El robo fue el 18 de junio. Hace varias noches ya que busco reconstruir la secuencia. Deben ser las nueve, es una mañana fría. Mi prima Marita pasa por el frente de la casa, está todo cerrado, se mete por el patio y entra por una puerta trasera que había quedado entreabierta. Lo primero que imagina al ver ropa en el piso es que las tías se pusieron a ordenar un poco. Y les grita: “¿Qué pasa acá, están haciendo limpieza?”. Hay olor a sopa, o a puchero. A “Pirucha” se la encuentra primero, tirada en la cocina. La tía intenta hablar, se atraganta con las palabras: dice que les robaron, que les pegaron, pregunta desesperada por su hermana. Marita corre, aterrada, buscándola.

La casa está dada vuelta. Hay ropa tirada, cosas desparramadas, sangre. Olinda está inconsciente, con la mitad de su cuerpo en la puerta del dormitorio que era de sus padres. La pieza está a oscuras. Todavía cuelga en la pared un retrato enorme de mis bisabuelos del día en que se casaron. Los listones de madera crujen, están vencidos. La cama matrimonial, enorme, alta, domina la habitación como si el tiempo nunca hubiera pasado. Hay un viejo crucifijo sobre la cabecera, que parece querer vigilarlo todo.

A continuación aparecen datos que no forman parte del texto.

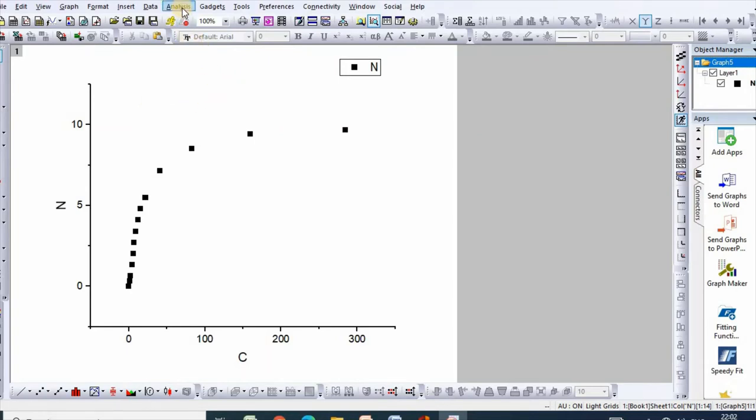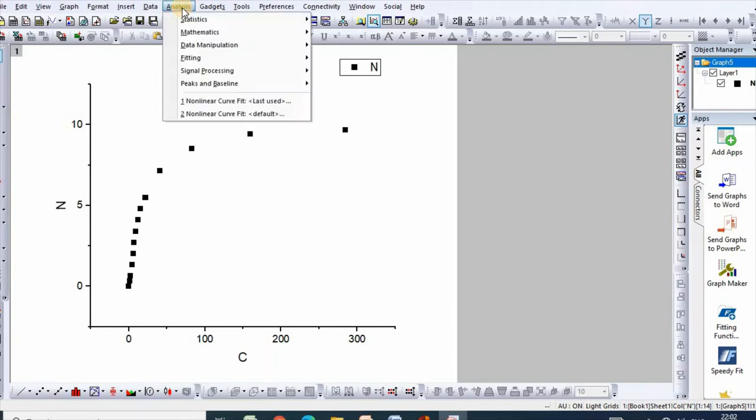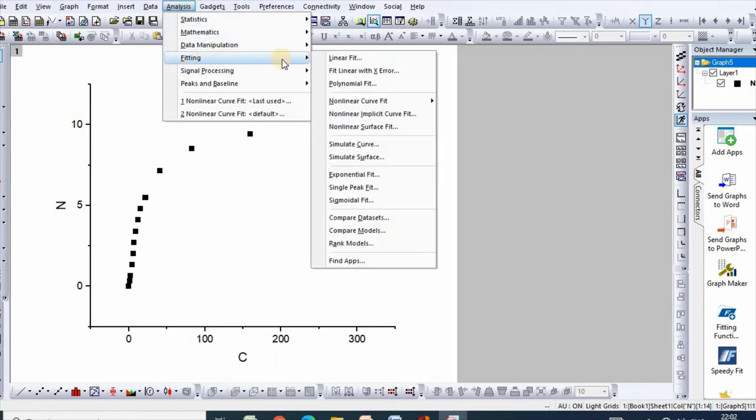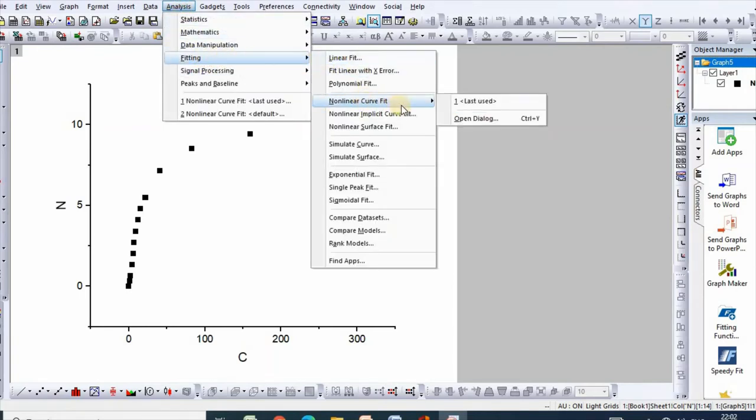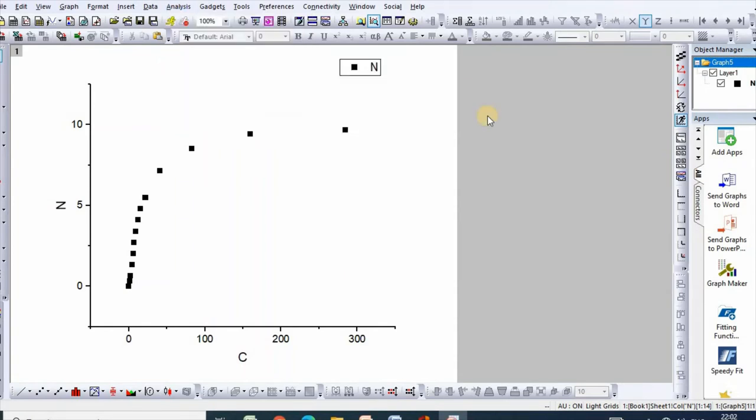You can go to Analysis, then Fitting, nonlinear curve, and then open dialog.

Olinda tiene los pies atados, el cuerpo rojo, la cabeza hinchada. Agoniza, podría estar muerta. Hay un rastro de sangre que atraviesa el salón principal: a ella la habrían atacado primero, en el negocio que da a la calle, una mercería de pueblo. Le pegan una bruta trompada, ella cae, golpea contra el mostrador y la cabeza le estalla en sangre. Luego la arrastran como si fuera un escobillón y la meten en la casa. Le atan los pies y empiezan a revisar roperos y cajones con prisa. A Olinda tienen que haberle pegado algunos golpes más para que dijese dónde estaba la plata, si la tenía.

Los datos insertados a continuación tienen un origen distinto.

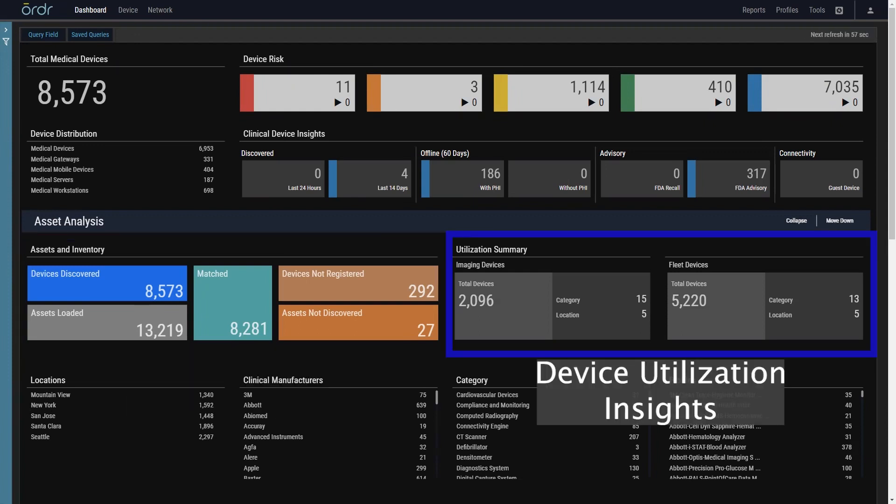Device utilization provides insight into how often equipment is being used and can provide valuable insight for making capital decisions, scheduling maintenance, relocating equipment and much more.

La noche que la vi en el hospital, “Pirucha” decía: “Deben haberme dado algo de tomar, porque no me acuerdo de nada”. Estaba triste, algo rabiosa, nunca la había visto tan chiquita. “Mirá cómo me dejaron, pero parece que a Olinda le pegaron más”, decía, con sarcasmo.

–Pero si estás hermosa…–, le respondí. Ella parecía haber salido un poco más entera de la paliza, pero se fue. El 30 de junio murió sin haber podido reencontrarse con su hermana. Le dijimos que Olinda estaba internada, castigada, pero viva: no sé si llegó a creernos.